The robot prototype invented in the laboratories of the University of Pennsylvania’s School of Engineering and Applied Science recharges by chowing down scrap metal as it moves around.
The new approach embodies an attractive alternative to lithium-ion batteries, as it will allow robots to recharge on-the-go by consuming parts of nearby metal surfaces, say the researchers.
The engineers have designed a robot prototype that ‘eats’ metal to harvest energy. Although the smart robot still has much to evolve, it works well. The innovation consists of a small hydrogel dragged behind a miniature motorised vehicle. The hydrogel works as an electrolyte, so that nearby metal surfaces act as the anode of a battery, Springwise reports.
The idea of robot that ‘eats’ metal as simple as genial. This allows electrons to flow to the cathode and produce different energy densities, depending on their individual potential for oxidation. The vehicle also has a small reservoir that provides water to the hydrogel to prevent it from drying out.
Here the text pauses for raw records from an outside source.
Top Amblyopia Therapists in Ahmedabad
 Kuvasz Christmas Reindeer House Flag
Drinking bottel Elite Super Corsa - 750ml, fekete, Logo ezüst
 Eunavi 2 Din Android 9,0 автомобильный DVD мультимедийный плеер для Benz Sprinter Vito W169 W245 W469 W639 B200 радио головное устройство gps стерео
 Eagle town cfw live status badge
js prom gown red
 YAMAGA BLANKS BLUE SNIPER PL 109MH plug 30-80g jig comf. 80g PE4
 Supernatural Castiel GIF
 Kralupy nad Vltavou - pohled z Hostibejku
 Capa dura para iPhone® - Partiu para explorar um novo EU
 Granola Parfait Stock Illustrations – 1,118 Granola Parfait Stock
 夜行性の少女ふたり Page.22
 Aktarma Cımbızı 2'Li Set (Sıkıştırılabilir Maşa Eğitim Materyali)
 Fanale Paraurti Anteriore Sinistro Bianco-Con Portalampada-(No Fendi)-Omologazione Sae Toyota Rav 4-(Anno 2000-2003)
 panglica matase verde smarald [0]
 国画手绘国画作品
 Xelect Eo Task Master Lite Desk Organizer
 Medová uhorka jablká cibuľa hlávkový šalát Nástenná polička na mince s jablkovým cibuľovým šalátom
Smart robot accumulates energy, producing different energy densities
In fact, a major hurdle for present robots in real-world environments is that they rely on batteries which store energy internally and have the issue of being heavy and offering a limited supply.
“This approach is similar to the way we humans get energy. We have to eat fuel, breathe oxygen and drink water. Our device enables the same capability for robots, except they ‘eat’ metal as a fuel, breathe oxygen, and drink water,” James Pikul, Assistant Professor in the Department of Mechanical Engineering and Applied Mechanics, said.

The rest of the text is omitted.